[Records for this task]
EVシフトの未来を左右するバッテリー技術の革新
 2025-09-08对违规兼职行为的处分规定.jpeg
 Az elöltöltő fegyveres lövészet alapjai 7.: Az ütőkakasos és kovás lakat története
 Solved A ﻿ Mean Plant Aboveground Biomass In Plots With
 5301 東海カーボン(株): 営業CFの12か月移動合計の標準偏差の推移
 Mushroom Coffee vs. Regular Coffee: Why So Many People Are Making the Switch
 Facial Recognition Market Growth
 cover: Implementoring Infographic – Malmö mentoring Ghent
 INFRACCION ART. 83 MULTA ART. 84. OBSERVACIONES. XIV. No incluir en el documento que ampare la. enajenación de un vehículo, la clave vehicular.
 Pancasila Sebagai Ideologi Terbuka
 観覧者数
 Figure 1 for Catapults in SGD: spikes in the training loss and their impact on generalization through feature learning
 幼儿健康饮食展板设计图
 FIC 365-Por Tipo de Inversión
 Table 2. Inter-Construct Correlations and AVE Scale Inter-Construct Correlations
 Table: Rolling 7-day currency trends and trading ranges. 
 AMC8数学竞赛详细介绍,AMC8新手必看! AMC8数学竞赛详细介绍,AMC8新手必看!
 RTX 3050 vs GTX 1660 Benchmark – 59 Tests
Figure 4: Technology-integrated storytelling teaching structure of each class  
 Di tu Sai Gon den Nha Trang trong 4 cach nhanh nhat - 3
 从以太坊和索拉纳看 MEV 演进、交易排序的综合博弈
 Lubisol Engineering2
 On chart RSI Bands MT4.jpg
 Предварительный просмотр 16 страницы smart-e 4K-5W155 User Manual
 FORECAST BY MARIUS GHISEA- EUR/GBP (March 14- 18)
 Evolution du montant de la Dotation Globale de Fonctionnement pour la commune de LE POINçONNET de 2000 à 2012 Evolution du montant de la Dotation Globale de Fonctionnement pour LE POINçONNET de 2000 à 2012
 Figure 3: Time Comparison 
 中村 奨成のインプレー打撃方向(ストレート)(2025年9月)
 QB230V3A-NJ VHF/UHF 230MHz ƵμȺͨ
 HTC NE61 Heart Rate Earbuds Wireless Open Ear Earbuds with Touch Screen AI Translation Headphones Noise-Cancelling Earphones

[Instructions for the task] Print each entry above again, exactly as it was given.

[Your response]
EVシフトの未来を左右するバッテリー技術の革新
 2025-09-08对违规兼职行为的处分规定.jpeg
 Az elöltöltő fegyveres lövészet alapjai 7.: Az ütőkakasos és kovás lakat története
 Solved A ﻿ Mean Plant Aboveground Biomass In Plots With
 5301 東海カーボン(株): 営業CFの12か月移動合計の標準偏差の推移
 Mushroom Coffee vs. Regular Coffee: Why So Many People Are Making the Switch
 Facial Recognition Market Growth
 cover: Implementoring Infographic – Malmö mentoring Ghent
 INFRACCION ART. 83 MULTA ART. 84. OBSERVACIONES. XIV. No incluir en el documento que ampare la. enajenación de un vehículo, la clave vehicular.
 Pancasila Sebagai Ideologi Terbuka
 観覧者数
 Figure 1 for Catapults in SGD: spikes in the training loss and their impact on generalization through feature learning
 幼儿健康饮食展板设计图
 FIC 365-Por Tipo de Inversión
 Table 2. Inter-Construct Correlations and AVE Scale Inter-Construct Correlations
 Table: Rolling 7-day currency trends and trading ranges. 
 AMC8数学竞赛详细介绍,AMC8新手必看! AMC8数学竞赛详细介绍,AMC8新手必看!
 RTX 3050 vs GTX 1660 Benchmark – 59 Tests
Figure 4: Technology-integrated storytelling teaching structure of each class  
 Di tu Sai Gon den Nha Trang trong 4 cach nhanh nhat - 3
 从以太坊和索拉纳看 MEV 演进、交易排序的综合博弈
 Lubisol Engineering2
 On chart RSI Bands MT4.jpg
 Предварительный просмотр 16 страницы smart-e 4K-5W155 User Manual
 FORECAST BY MARIUS GHISEA- EUR/GBP (March 14- 18)
 Evolution du montant de la Dotation Globale de Fonctionnement pour la commune de LE POINçONNET de 2000 à 2012 Evolution du montant de la Dotation Globale de Fonctionnement pour LE POINçONNET de 2000 à 2012
 Figure 3: Time Comparison 
 中村 奨成のインプレー打撃方向(ストレート)(2025年9月)
 QB230V3A-NJ VHF/UHF 230MHz ƵμȺͨ
 HTC NE61 Heart Rate Earbuds Wireless Open Ear Earbuds with Touch Screen AI Translation Headphones Noise-Cancelling Earphones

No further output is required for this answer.